RECORDS SUPPLIED Block Start

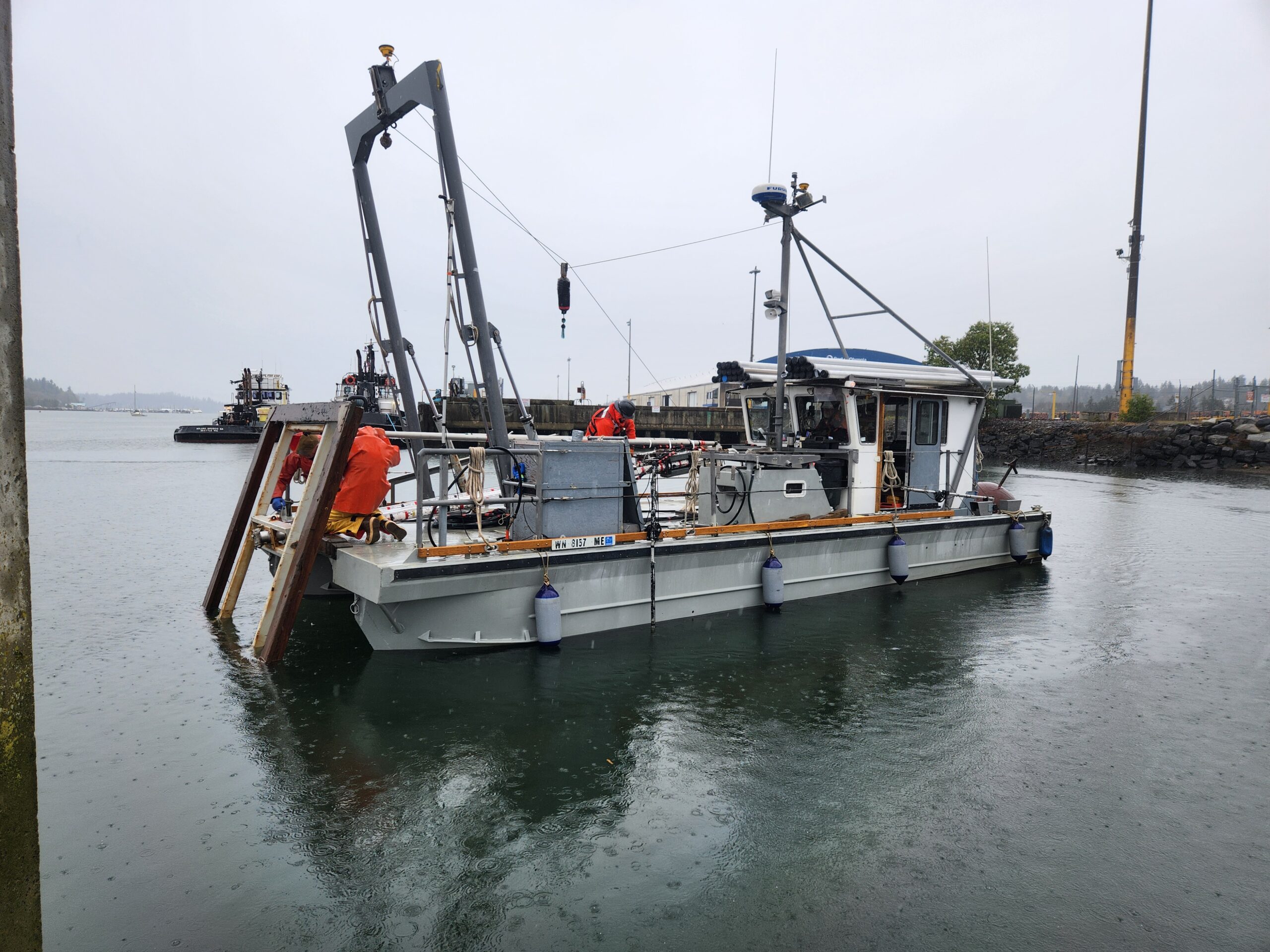 Research vessel collects sediment samples in Budd Inlet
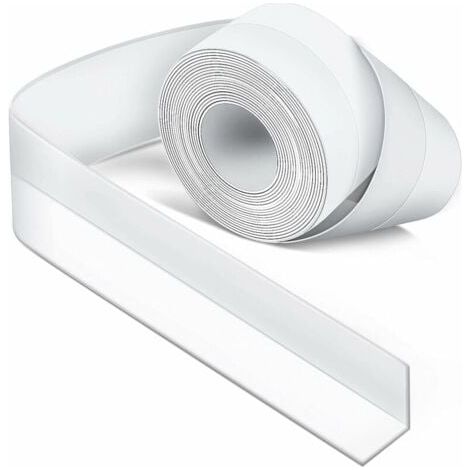 Joint de salle de bain en silicone blanc, joint de baignoire, ruban d'étanchéité, anti-moisissure et étanche, ruban souple pour cuisine (1/5)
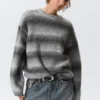 Loose Fit Space-Dyed Knitted Sweater – Grey Melange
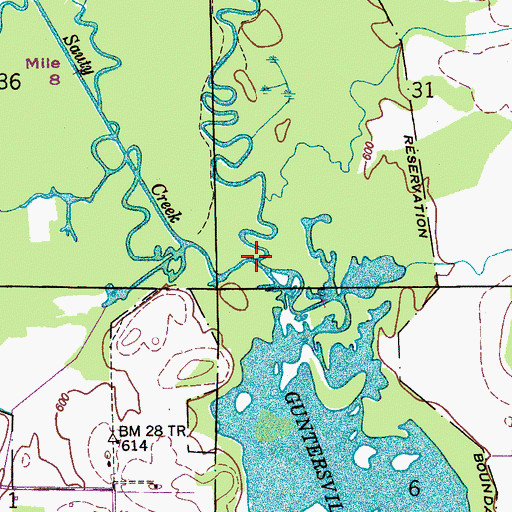 Topographic Map of Blue Spring Creek, AL
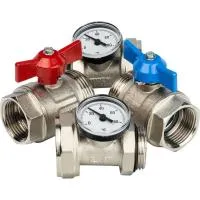 Комплект прямых шаровых кранов с термометрами Stout (2 шаровых крана, 2 вставки с термометрами) Комплект прямых шаровых кранов с термометрами Stout (2 шаровых крана, 2 вставки с термометрами)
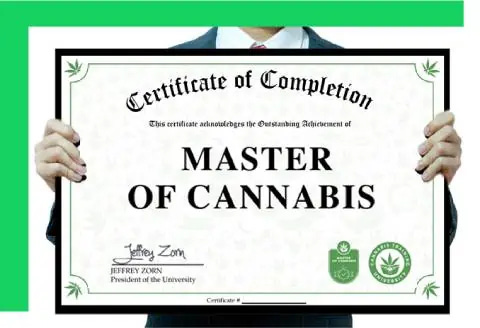 An CTU-certified man proudly displaying his important "Master of Cannabis" certificate. An CTU-certified man proudly displaying his important "Master of Cannabis" certificate.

RECORDS SUPPLIED Block End

PROBLEM TO SOLVE: Skip the pictures and write out exactly the lines from the line containing "Topographic Map of Blue Spring Creek, AL" through the end of the listing above.

WRITTEN SOLUTION:
 Topographic Map of Blue Spring Creek, AL
 Комплект прямых шаровых кранов с термометрами Stout (2 шаровых крана, 2 вставки с термометрами) Комплект прямых шаровых кранов с термометрами Stout (2 шаровых крана, 2 вставки с термометрами)
 An CTU-certified man proudly displaying his important "Master of Cannabis" certificate. An CTU-certified man proudly displaying his important "Master of Cannabis" certificate.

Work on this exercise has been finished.